"Karl O. Pinc" <kop@meme.com> writes:
> On 05/19/2007 12:41:47 PM, Tom Lane wrote:
>> There's been previous discussion of allowing BEFORE INSERT triggers
>> on views, so long as the triggers always return NULL to suppress
>> the actual insertion attempt (ie, we'd move the "can't insert into
>> view" test out of the rewriter and put it downstream of trigger firing
>> in the executor). So far no one's figured out how to make that idea
>> work for UPDATE/DELETE, but maybe you could argue that even if it
>> only worked for INSERT it'd be a useful feature. It'd certainly solve
>> the problem for COPY.
> Disclaimer: At least some of that discussion was my fault.

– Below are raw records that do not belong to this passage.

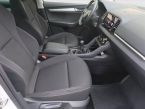 Škoda Karoq - fotka číslo 8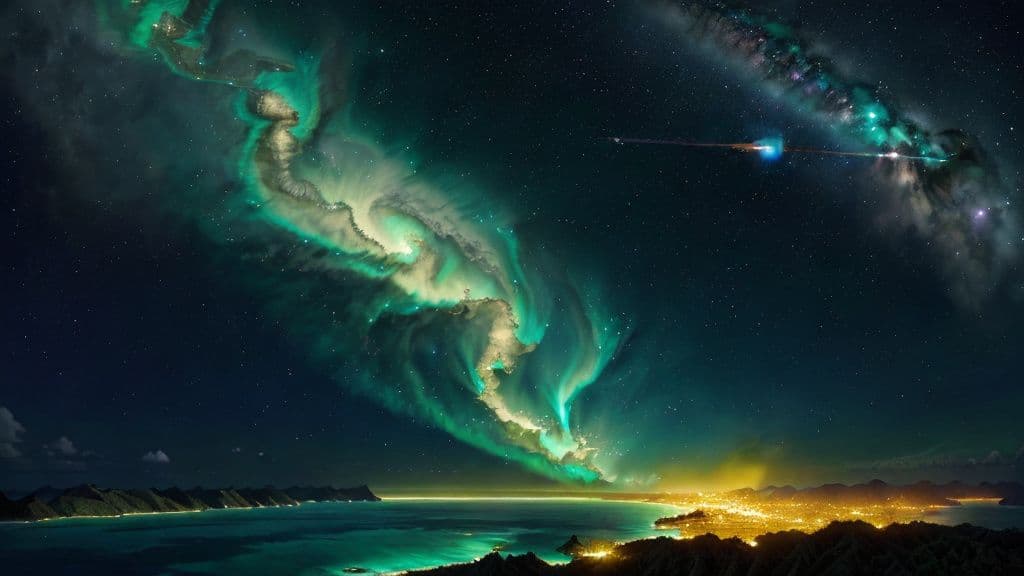 Lintasarta and Starlink Collaboration Boosts Satellite Internet Growth by 400%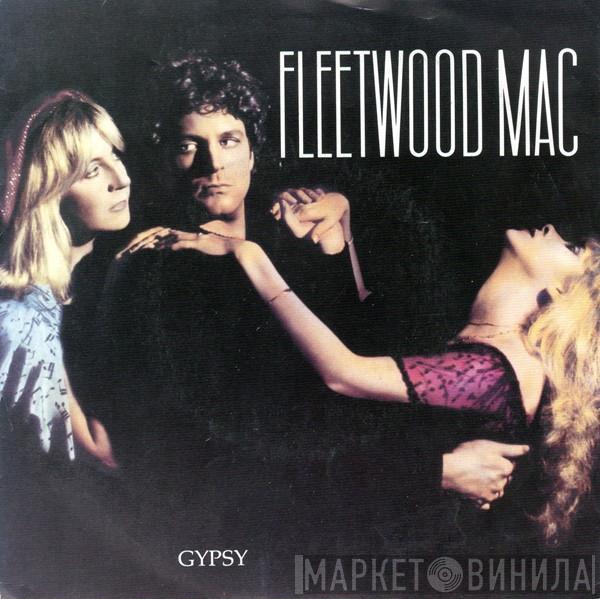  Fleetwood Mac  - Gypsy
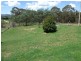 Oberon NSW 2787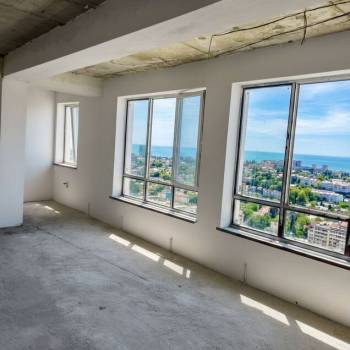 Продается 3-х комнатная квартира, 73,7 м²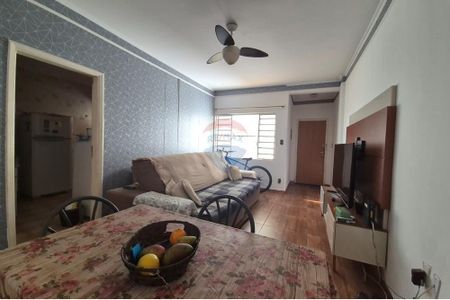 11_photo/94b9be5611.d70e7eae2b930113-ATLAS-927f86f0-081f-4c45-a2c2-ec4892111fb1.jpg de apartamento à venda com 2 quartos, 88m² em Campos Elísios, Ribeirão Preto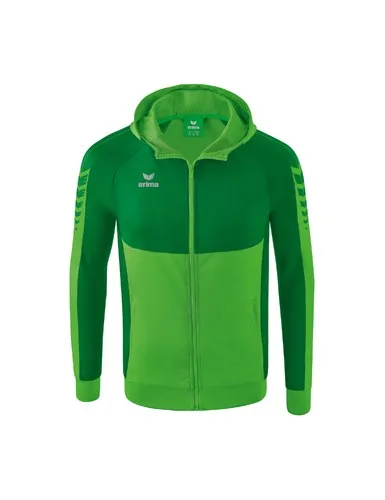 green/smaragd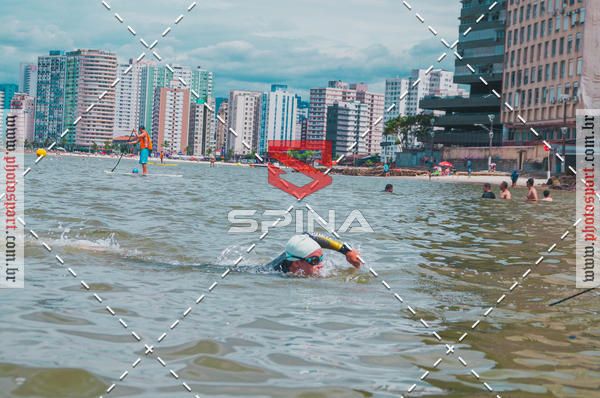 Achetez vos photos de l'vnement11 Circuito Netuno de Travessias - 5 etapa sur Fotop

> I'd be happy to go in that direction, but arguing for
> having BEFORE INSERT triggers work for
> INSERT and not on UPDATE and DELETE seems tough. It's a
> little like driving blind in one eye, you can see _partly_
> where you're going but not all the way to the end of the road.
> I'd be afraid it'd be a bad design decision that would
> artificially constrain later work.
Well, as I noted earlier, making triggers work for views seems like
it'd be more useful than adding more dependencies on the current
rule system.
> The problem with UPDATE and DELETE on BEFORE
> triggers is coming up with an OLD row.
No, that's the easy part, since as you note you can just compute the
view and extract the rows meeting the WHERE condition. And in the
UPDATE case you need to compute a NEW row with the updated values
substituted, but that seems just a small matter of programming as well.
The issues I see are:
* Existing triggers expect to see a ctid identifier for each updated
or deleted row. Is it OK to just say that you don't get that in a
trigger for a view?
* What about INSERT/UPDATE/DELETE RETURNING? The current definition of
triggers gives them no way to specify what is computed for RETURNING.
> The big problem that came up revolves around what
> to do if the view does not contain any/enough
> primary keys.
I don't think that's a problem we need to solve. If a user wants to
update his views it's up to him to define them in a way that gives
the trigger enough information to do its job. This is the SQL spec's
approach (no pkey -> view not updatable), and I don't think we need
to invent weird new concepts to do better.